# What is needed:
Below is a block of entries; repeat exactly the lines starting at the line that contains "купить наркотики сайты" and ending at the line that contains "葡萄栽培，掌握关键技术，实现优质丰产", both included.
----- Data to use -----
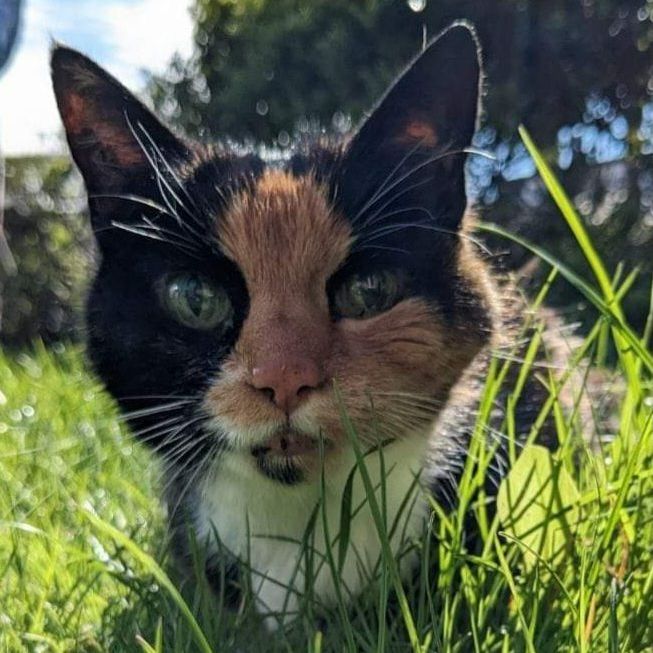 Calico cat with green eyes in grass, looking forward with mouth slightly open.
-----
----- Data to use -----
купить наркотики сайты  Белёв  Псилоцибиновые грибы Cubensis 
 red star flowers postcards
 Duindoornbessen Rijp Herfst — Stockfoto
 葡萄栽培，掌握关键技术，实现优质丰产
-----
# Solution for this exercise:
купить наркотики сайты  Белёв  Псилоцибиновые грибы Cubensis 
 red star flowers postcards
 Duindoornbessen Rijp Herfst — Stockfoto
 葡萄栽培，掌握关键技术，实现优质丰产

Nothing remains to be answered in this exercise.